[Crawled caption data]
________________

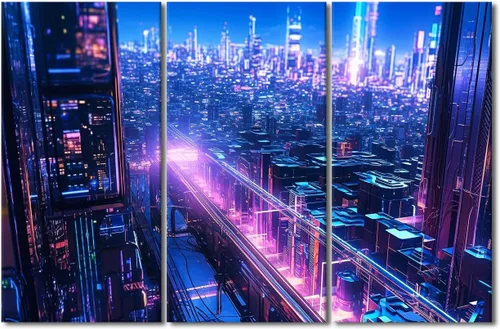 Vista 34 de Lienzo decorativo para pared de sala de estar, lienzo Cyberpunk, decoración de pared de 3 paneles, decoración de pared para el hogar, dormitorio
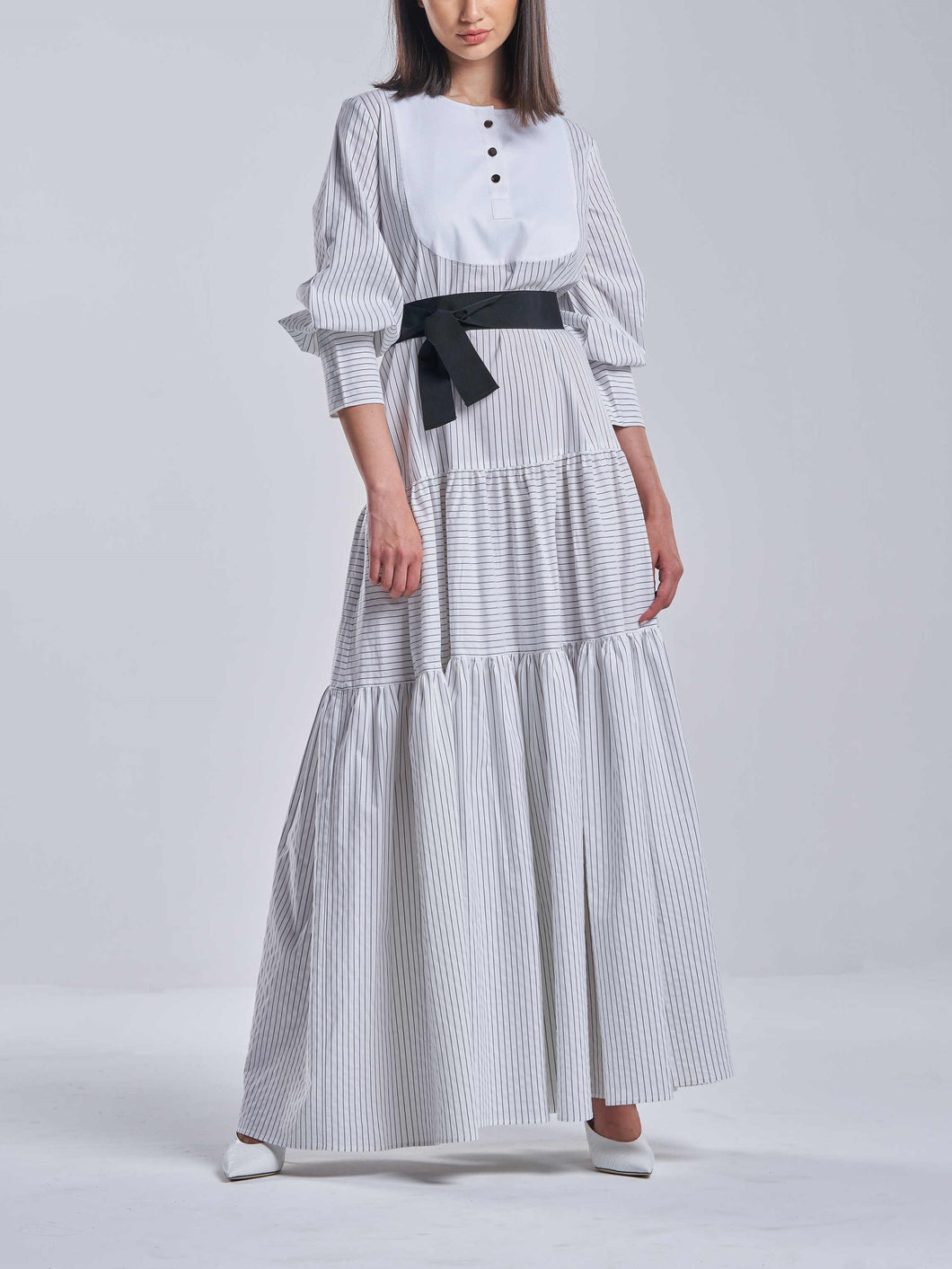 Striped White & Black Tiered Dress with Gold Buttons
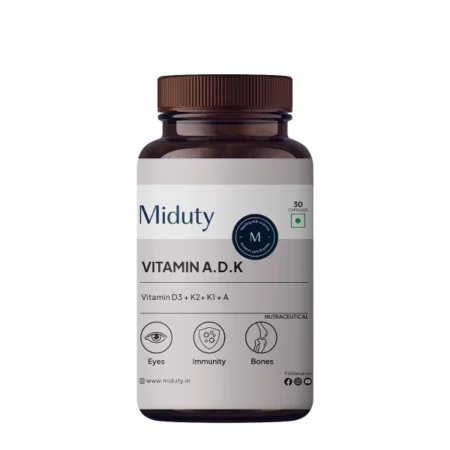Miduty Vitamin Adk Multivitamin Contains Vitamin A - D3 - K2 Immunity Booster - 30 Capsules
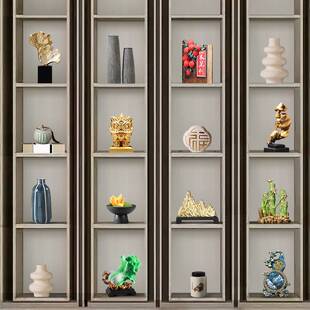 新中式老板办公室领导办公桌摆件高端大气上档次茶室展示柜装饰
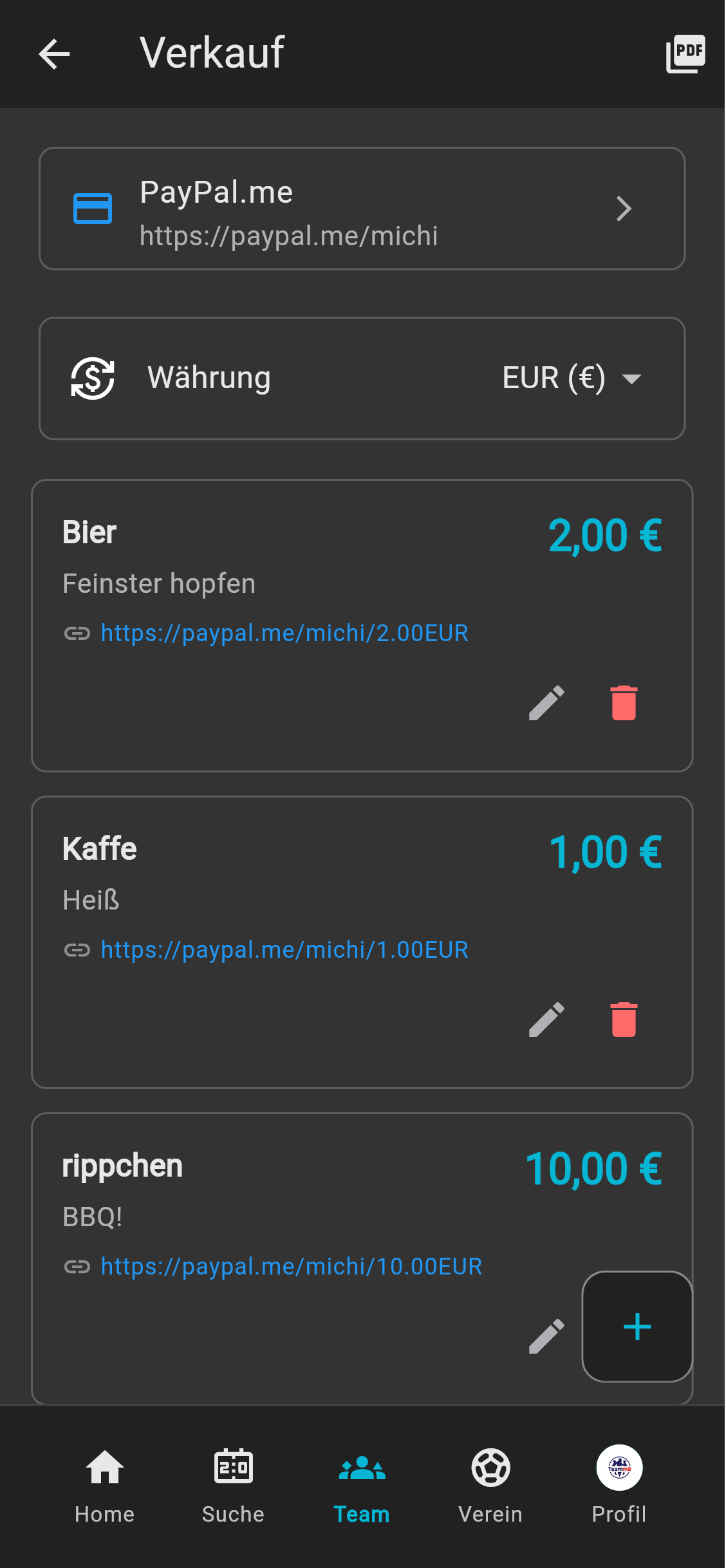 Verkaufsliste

________________

TASK PROMPT: Please retype the data exactly as it appears, but without any of its pictures.

YOUR RESPONSE:
 Vista 34 de Lienzo decorativo para pared de sala de estar, lienzo Cyberpunk, decoración de pared de 3 paneles, decoración de pared para el hogar, dormitorio
 Striped White & Black Tiered Dress with Gold Buttons
Miduty Vitamin Adk Multivitamin Contains Vitamin A - D3 - K2 Immunity Booster - 30 Capsules
 新中式老板办公室领导办公桌摆件高端大气上档次茶室展示柜装饰
 Verkaufsliste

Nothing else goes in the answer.